AIM OF THE TASK –
The answer consists solely of the lines running from the one with "蘭嶼絡石藏品圖，第2張" through the final line below, transcribed exactly and without any pictures.

SUPPLIED MATERIAL –
----------

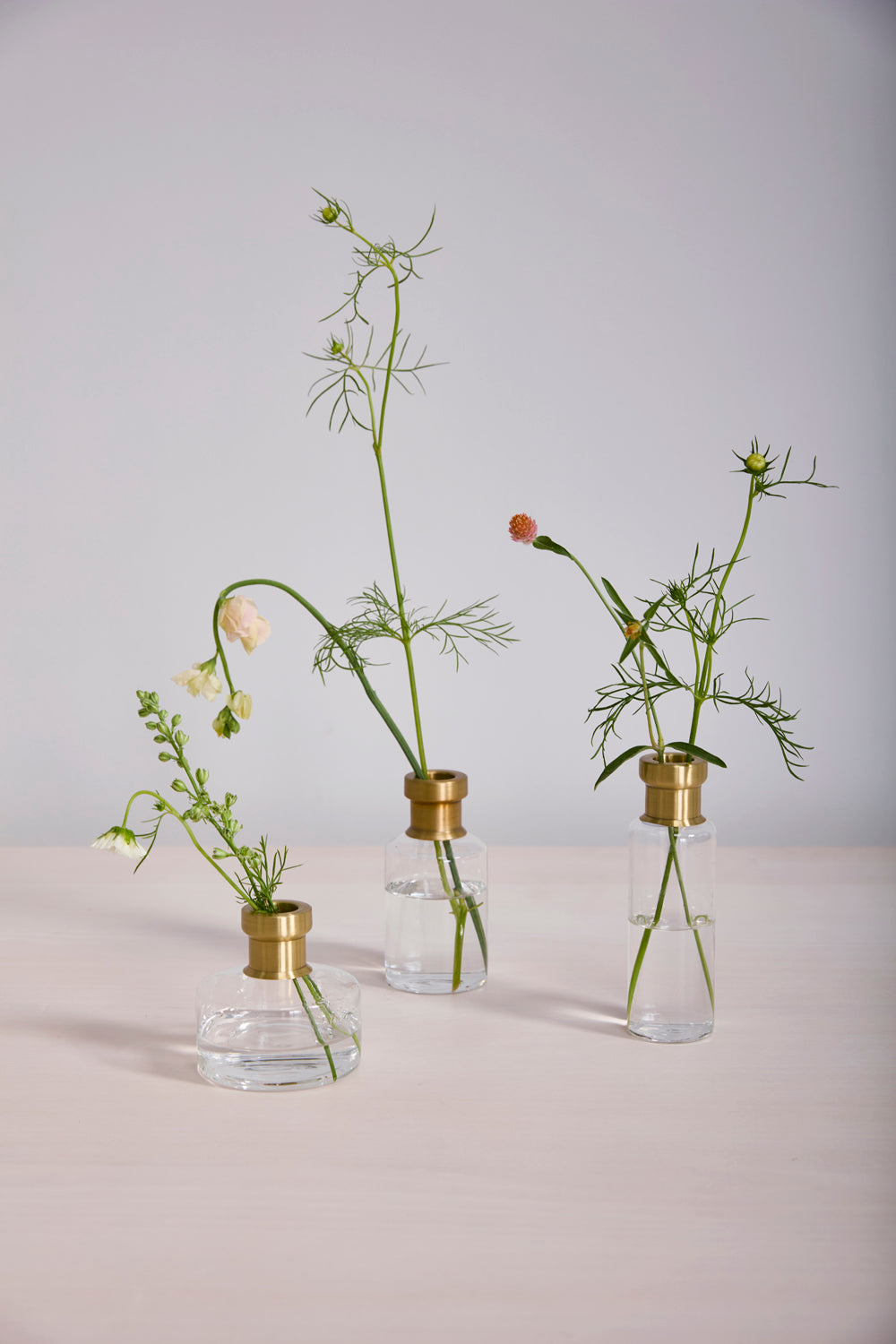 Jimmy Budvase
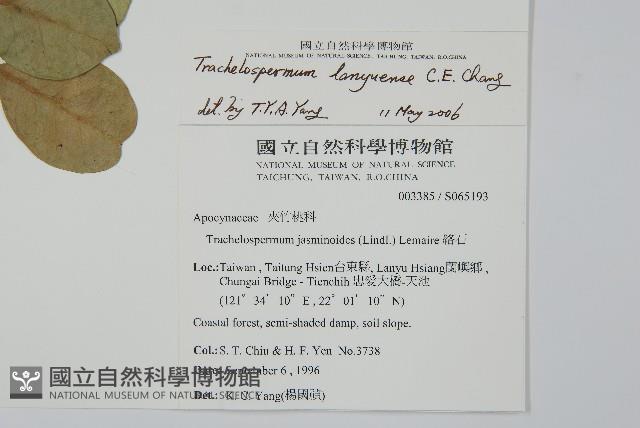 蘭嶼絡石藏品圖，第2張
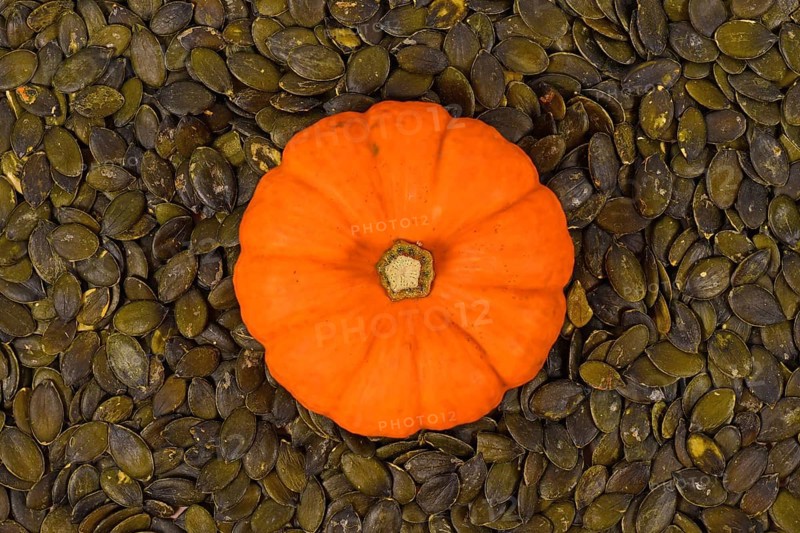 Small orange squash surrounded by green pumpkin seeds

----------

SOLUTION TO THE EXERCISE –
 蘭嶼絡石藏品圖，第2張
 Small orange squash surrounded by green pumpkin seeds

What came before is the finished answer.